### [Aim of the exercise]
Scan the records below for the line with "Frame jeans- white" and the line with "Khaki Chunky Knit". Repeat those two lines and every line between them exactly, and nothing else.

___ Data provided ___

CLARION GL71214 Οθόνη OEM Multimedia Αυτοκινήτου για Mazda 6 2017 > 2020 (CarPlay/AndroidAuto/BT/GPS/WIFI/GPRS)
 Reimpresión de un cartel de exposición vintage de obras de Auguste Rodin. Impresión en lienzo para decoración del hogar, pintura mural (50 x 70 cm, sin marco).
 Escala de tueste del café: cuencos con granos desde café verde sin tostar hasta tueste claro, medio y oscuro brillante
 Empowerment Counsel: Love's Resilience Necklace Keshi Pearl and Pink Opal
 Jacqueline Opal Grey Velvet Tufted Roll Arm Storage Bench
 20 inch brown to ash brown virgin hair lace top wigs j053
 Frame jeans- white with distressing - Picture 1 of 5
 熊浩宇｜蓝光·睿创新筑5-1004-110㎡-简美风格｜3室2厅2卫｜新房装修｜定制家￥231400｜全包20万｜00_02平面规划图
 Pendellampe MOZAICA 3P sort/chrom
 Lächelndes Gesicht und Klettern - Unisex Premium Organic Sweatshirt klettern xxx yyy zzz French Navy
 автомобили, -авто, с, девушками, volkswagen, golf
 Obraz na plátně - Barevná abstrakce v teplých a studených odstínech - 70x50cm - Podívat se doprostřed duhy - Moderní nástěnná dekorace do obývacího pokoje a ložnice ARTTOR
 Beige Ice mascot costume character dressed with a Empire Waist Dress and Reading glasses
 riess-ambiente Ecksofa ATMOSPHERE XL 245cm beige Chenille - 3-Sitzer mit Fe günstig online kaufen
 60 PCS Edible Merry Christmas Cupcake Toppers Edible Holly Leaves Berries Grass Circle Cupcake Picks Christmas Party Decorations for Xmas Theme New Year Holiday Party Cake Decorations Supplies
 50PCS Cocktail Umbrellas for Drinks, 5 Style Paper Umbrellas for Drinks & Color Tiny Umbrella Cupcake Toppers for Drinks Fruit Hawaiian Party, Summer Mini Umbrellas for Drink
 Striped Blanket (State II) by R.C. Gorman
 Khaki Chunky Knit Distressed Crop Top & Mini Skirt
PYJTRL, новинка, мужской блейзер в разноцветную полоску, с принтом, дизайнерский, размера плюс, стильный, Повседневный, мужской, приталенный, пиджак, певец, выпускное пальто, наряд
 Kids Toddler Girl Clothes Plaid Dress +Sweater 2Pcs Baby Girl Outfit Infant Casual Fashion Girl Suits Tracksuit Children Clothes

___

### [Answer to this task]
 Frame jeans- white with distressing - Picture 1 of 5
 熊浩宇｜蓝光·睿创新筑5-1004-110㎡-简美风格｜3室2厅2卫｜新房装修｜定制家￥231400｜全包20万｜00_02平面规划图
 Pendellampe MOZAICA 3P sort/chrom
 Lächelndes Gesicht und Klettern - Unisex Premium Organic Sweatshirt klettern xxx yyy zzz French Navy
 автомобили, -авто, с, девушками, volkswagen, golf
 Obraz na plátně - Barevná abstrakce v teplých a studených odstínech - 70x50cm - Podívat se doprostřed duhy - Moderní nástěnná dekorace do obývacího pokoje a ložnice ARTTOR
 Beige Ice mascot costume character dressed with a Empire Waist Dress and Reading glasses
 riess-ambiente Ecksofa ATMOSPHERE XL 245cm beige Chenille - 3-Sitzer mit Fe günstig online kaufen
 60 PCS Edible Merry Christmas Cupcake Toppers Edible Holly Leaves Berries Grass Circle Cupcake Picks Christmas Party Decorations for Xmas Theme New Year Holiday Party Cake Decorations Supplies
 50PCS Cocktail Umbrellas for Drinks, 5 Style Paper Umbrellas for Drinks & Color Tiny Umbrella Cupcake Toppers for Drinks Fruit Hawaiian Party, Summer Mini Umbrellas for Drink
 Striped Blanket (State II) by R.C. Gorman
 Khaki Chunky Knit Distressed Crop Top & Mini Skirt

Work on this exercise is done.